First, we released several versions recently. Gephi 0.9.2 was released in September 2017. Then the version 0.9.3 in March 2022, with a 4+ years hiatus. Then 0.9.4 three weeks ago, in April 2022. Then 0.9.5 a week ago, in May. What is going on?

Second, the splash screen. Version 0.9.1 and 0.9.2 were like this:

Then version 0.9.3 changed color, to mark the end of the hiatus. It was somehow a big change.

…but since version 0.9.4 it just features the version number 0.9 (without the last bit):

What is going on?

We are transitioning to semantic versioning

Semantic versioning is a certain logic to attribute version numbers. It uses three numbers:

  1. The major version number. It is incremented when the new version breaks compatibility. It matters to the user because they may not want to upgrade, or not yet, because it may break for them.
  2. The minor version number. It is incremented when features are added, but in a compatible way. The user generally wants to upgrade, but may not like the changes, so we need a way to refer to that specific version.
  3. The patch number. It is incremented when it is just bug fixes. The user always wants to upgrade.

So far, Gephi was not versioned that way. In part because numbers have a cultural meaning. For example, 0.9 feels like we are getting close to version 1.0, and in many ways we are getting closer, but at the same time this does not have to do with the fact that we have release about 10 major versions. If it takes us 15 steps, then so be it. The next minor version will be 0.10 – which is not like version 0.1! Weird, but version numbers do not work like decimal numbers.
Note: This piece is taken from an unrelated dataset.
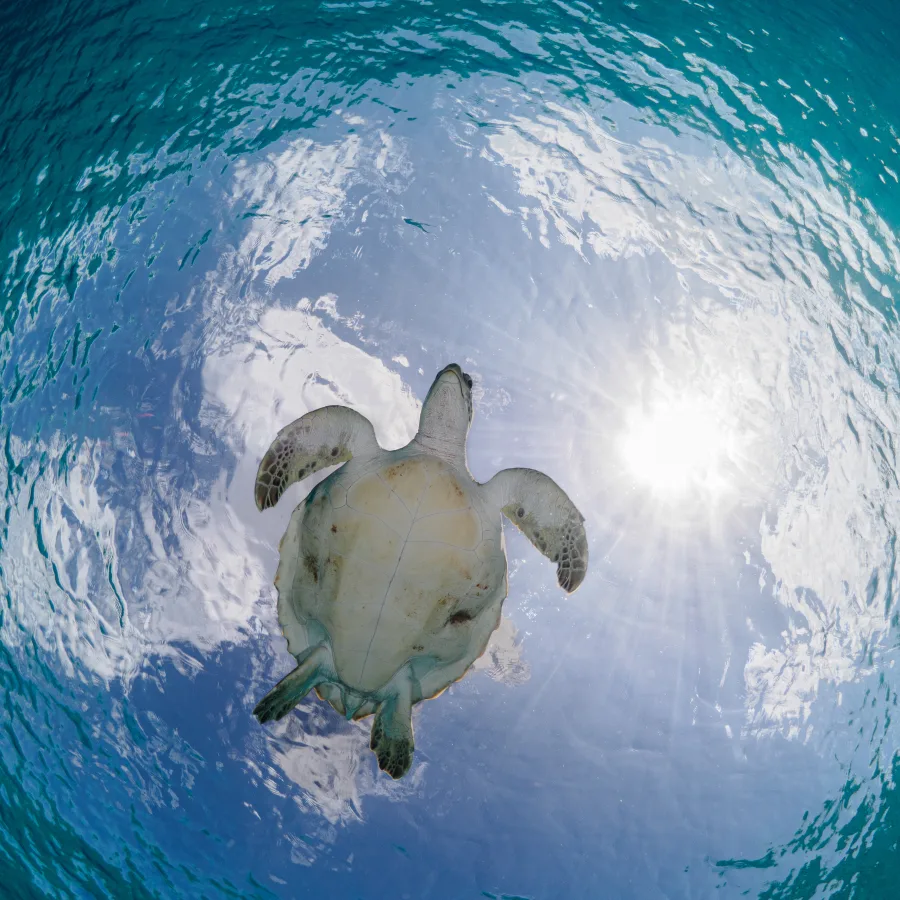 Una tortuga marina se desliza por las aguas tropicales del Gran Caribe, una región que alberga una biodiversidad marina vital cada vez más amenazada por el cambio climático y la actividad humana.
Semantic versioning is a reasonable and safe way to version, and we are getting there, but not in one go. We will only fully do that from version 1.0.0, which requires meeting a number of goals on our road map. Nevertheless, we need to be able to push bug fixes to everyone, and for that, the best is to use the patch number. Which is why we had two more versions in just a month. But it remains less dramatic than the move from 0.9.2 to 0.9.3, which is why we removed the mention of the patch number from the splash screen. Like for semantic versioning, new patch versions should not feel like new versions to the user. And importantly, patch versions are pushed to all users through the automatic update mechanism. So to recap, it works like this:

As final word, you may wonder: why not have the post-hiatus version numbered 0.10.0 instead of 0.9.3? You’d be totally right! It should have been. We did not realize it soon enough, unlike the most savvy members of our community. Oops! But we’re doing it now. Better late than never 🙂

Gephi 0.9.3

Gephi 0.9.3 is here! Download it from http://gephi.org. No crazy new features, but many improvements and bug fixes. Here are 5 highlights:

1. No more Java installation required.

Gephi is installed on top of Java, so you had to install it before Gephi. On some computers, a bug related to theJava path caused the infamous “Cannot find Java 1.8” issue. This does not happen anymore, as you do not have to install Java anymore! It is packaged with Gephi.

2. New look and feel

Gephi now has a flat look and feel. This is much better for Linux users, as well as some Mac users who had issues with the appearance (one did not see which tab was selected etc.).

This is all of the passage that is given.